FAYETTEVILLE, N.C. (WNCN) – Child abuse and murder charges have been dropped against a former Army Special Forces soldier accused of beating his girlfriend’s 2-year-old daughter to death.
Zachary Keefer’s attorney Tony Buzzard confirms Keefer was released from the Cumberland County Detention Center earlier in November after spending more than three years in jail for those charges.
The toddler’s mother, Jeanie Ditty, remains in jail for the same charges. Her attorney, Bernard Condlin, said her trial is set to start in March.
On Dec. 2, 2015 officers responded to a 911 call for an unresponsive child at a Fayetteville apartment complex.
Macy Grace Ditty died in the hospital.
Court records show the child had bruises throughout her body, including head injuries from multiple impacts. She also had internal injuries like a lacerated liver.
“This is a horrible case all the way around,” Condlin said.
Ditty and Keefer were charged in March 2016 after the medical examiner’s report listed Macy’s death as a homicide.
Both attorneys say their clients never abused the child.
Condlin says Keefer was watching Macy when the abuse happened.
“Ms. Ditty left during that time frame to go to a doctor’s appointment,” Condlin said. “When she left, the baby was fine. When she came home, the baby wasn’t.”

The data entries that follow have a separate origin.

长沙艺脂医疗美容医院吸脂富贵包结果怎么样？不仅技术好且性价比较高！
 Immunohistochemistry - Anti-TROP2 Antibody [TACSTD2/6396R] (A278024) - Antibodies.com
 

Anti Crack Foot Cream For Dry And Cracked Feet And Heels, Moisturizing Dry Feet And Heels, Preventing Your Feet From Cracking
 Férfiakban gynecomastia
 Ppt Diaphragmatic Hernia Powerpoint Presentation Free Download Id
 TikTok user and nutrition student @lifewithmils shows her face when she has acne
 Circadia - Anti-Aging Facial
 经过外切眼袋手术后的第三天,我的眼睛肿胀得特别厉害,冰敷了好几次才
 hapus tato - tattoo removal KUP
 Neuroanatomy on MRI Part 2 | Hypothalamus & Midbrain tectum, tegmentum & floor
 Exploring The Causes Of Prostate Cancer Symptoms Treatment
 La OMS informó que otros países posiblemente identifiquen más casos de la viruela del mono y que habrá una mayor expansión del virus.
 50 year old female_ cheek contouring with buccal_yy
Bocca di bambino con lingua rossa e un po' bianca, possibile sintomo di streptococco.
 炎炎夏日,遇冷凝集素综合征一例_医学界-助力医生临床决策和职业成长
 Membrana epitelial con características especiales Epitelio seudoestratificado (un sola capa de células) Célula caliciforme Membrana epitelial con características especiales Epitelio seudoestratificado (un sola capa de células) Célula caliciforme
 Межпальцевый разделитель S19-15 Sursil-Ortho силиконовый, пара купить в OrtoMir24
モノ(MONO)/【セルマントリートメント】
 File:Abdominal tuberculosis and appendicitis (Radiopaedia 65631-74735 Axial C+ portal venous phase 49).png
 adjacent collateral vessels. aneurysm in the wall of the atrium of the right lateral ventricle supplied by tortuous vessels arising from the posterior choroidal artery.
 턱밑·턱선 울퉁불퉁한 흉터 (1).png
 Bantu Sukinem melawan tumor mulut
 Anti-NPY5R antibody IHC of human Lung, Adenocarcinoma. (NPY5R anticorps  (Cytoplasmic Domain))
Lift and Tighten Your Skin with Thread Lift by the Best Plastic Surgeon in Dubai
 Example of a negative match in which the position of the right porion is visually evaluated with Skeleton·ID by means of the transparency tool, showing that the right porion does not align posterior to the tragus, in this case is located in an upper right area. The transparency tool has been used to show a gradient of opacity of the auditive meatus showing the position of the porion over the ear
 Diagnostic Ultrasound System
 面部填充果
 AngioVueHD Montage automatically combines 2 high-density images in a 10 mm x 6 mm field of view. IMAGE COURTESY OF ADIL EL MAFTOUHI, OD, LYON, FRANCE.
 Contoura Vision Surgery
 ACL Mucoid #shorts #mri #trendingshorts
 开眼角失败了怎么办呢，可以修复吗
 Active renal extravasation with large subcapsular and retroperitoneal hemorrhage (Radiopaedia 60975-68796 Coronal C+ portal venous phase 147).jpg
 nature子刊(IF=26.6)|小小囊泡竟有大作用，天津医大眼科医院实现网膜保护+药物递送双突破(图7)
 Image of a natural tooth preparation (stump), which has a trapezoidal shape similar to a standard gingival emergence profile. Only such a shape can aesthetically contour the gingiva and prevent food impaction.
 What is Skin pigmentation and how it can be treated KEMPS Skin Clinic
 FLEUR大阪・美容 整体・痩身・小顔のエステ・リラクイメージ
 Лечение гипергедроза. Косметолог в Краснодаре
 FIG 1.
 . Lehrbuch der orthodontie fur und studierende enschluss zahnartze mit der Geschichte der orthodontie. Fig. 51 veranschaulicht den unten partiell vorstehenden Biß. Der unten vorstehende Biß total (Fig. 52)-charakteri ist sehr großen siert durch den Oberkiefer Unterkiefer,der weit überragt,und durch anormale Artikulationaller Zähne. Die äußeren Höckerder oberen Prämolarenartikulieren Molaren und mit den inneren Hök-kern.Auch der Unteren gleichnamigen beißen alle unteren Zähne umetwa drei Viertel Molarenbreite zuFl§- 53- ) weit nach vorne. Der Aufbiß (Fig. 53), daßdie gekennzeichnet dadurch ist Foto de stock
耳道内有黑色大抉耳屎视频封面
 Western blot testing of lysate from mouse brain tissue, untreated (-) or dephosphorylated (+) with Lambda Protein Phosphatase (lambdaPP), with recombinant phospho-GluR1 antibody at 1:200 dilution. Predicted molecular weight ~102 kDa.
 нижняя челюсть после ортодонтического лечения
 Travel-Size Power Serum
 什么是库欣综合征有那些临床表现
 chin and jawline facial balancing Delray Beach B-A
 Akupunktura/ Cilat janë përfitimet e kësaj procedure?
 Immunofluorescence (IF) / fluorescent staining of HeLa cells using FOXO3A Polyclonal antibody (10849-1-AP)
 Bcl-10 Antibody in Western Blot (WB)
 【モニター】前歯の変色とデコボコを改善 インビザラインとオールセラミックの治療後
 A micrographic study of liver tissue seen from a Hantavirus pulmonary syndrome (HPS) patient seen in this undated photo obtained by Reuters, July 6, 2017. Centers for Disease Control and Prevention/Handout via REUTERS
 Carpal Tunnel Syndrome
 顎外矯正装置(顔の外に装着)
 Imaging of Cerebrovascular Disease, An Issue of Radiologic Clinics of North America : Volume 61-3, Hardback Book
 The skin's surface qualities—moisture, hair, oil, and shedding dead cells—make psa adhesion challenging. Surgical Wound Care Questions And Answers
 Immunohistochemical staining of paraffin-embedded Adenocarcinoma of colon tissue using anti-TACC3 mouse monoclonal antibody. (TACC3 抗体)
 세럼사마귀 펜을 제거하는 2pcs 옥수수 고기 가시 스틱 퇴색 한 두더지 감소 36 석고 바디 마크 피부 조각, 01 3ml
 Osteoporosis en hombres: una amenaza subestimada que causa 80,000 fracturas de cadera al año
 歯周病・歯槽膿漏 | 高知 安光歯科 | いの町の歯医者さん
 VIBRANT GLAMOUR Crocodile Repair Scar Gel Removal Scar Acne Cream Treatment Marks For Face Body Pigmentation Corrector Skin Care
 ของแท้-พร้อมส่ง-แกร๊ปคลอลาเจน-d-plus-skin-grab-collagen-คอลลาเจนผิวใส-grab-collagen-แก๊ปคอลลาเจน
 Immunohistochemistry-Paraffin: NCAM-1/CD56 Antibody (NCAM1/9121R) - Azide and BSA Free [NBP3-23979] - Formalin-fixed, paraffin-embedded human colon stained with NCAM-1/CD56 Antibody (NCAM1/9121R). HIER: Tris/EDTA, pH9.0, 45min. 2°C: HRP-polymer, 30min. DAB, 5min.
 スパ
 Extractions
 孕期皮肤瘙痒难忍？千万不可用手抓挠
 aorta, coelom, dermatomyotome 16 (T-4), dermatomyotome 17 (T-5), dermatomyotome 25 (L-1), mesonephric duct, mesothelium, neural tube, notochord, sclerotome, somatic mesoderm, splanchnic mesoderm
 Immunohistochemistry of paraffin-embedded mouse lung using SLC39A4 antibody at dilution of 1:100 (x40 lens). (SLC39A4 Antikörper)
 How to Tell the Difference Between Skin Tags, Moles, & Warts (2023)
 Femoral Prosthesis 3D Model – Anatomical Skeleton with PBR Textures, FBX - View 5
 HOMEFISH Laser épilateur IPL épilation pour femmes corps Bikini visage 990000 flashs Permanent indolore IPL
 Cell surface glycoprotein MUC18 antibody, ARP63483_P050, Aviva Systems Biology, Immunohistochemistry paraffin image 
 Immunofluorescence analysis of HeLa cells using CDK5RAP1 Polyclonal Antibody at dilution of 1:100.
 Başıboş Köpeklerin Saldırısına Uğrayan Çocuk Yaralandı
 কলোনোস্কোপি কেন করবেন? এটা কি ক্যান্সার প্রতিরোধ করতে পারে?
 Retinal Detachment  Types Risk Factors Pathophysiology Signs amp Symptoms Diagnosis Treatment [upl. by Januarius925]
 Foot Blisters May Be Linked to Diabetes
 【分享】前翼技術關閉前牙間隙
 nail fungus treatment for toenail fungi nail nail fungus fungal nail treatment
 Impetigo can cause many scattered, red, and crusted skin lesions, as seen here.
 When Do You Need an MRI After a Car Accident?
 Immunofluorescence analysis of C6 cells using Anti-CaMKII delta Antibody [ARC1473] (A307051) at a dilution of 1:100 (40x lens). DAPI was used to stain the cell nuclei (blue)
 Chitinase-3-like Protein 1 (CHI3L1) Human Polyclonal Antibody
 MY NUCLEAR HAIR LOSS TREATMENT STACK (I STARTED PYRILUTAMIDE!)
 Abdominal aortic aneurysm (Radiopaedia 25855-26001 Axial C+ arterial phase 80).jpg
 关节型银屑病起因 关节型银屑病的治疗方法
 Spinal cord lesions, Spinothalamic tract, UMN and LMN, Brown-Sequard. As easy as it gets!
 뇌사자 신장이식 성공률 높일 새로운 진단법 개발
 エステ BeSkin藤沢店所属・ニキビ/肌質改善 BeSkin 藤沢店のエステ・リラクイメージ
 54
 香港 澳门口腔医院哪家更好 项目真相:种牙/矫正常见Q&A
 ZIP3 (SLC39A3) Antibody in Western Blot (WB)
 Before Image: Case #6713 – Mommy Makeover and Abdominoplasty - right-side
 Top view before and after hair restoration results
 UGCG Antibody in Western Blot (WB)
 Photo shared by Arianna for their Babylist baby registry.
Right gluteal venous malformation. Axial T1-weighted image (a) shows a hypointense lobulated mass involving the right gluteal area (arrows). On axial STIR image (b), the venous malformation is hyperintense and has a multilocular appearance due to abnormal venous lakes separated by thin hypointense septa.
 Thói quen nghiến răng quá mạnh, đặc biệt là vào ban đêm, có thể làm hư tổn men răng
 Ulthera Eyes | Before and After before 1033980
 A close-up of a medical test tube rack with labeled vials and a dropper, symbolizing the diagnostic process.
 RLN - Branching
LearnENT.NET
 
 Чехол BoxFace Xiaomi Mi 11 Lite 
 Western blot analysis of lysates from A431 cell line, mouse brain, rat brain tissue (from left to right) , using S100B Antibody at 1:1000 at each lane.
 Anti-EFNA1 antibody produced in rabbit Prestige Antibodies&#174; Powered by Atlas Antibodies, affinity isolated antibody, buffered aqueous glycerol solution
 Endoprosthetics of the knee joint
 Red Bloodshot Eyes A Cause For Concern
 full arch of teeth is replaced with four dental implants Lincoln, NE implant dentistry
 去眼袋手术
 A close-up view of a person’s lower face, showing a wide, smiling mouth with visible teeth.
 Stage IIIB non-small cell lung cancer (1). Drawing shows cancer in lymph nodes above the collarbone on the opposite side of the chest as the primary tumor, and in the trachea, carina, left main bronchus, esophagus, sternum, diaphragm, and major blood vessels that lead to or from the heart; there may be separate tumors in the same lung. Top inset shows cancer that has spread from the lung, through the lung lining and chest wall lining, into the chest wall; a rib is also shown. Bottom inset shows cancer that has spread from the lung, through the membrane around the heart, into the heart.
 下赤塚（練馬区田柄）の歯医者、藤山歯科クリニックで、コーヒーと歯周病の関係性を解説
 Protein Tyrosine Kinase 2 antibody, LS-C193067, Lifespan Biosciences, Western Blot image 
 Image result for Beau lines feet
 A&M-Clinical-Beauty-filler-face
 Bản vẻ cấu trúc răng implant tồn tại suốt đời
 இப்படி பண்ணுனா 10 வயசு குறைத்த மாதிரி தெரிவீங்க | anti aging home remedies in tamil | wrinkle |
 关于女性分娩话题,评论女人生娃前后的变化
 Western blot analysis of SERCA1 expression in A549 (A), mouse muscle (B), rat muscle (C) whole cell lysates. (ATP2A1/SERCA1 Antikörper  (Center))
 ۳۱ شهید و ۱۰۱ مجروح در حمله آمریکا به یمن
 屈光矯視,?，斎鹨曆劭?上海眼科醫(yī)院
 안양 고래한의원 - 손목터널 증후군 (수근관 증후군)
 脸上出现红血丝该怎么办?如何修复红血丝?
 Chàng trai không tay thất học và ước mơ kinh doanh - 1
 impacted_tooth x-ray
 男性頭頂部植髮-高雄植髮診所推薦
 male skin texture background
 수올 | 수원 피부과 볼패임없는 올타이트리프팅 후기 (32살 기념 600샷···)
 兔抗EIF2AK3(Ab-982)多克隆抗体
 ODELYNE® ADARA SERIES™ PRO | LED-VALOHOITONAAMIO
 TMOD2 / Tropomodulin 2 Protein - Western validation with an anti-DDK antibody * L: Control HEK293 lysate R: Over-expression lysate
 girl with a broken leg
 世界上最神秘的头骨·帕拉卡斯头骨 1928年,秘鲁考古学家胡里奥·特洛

Keefer’s attorney said the injuries happened before Keefer got there.
Prosecutor Julia Wolf Hejazi dropped Keefer’s charges saying in part:
“New medical information provides a clearer timeline of events and contradicts previous medical information…in the interest of justice, the state is dismissing these charges.”
“She’s very upset the case didn’t go to trial as scheduled,” Condlin said about his client.
Condlin said the doctor who provided the medical information listed as the reason for dropping the charges has since recanted that.
“Unfortunately, within 72 hours of that opinion, he called back the prosecutor and said that opinion is an error; that he made a mistake.”
The prosecutor has not given clarification on Condlin’s claims or if she still stands by her decision.
“As far as what happens with Mr. Keefer, that’s between the state and God. That’s out of my hands,” Condlin said. “His case being dismissed did not change anything for my client.”
Condlin said Ditty continued having a relationship with Keefer after Macy’s death, saying she believed her daughter died after aspirating.
Court records show that a few weeks after Macy’s death, Keefer was involved in an incident with his estranged wife that led to pending abuse and kidnapping charges in Harnett County.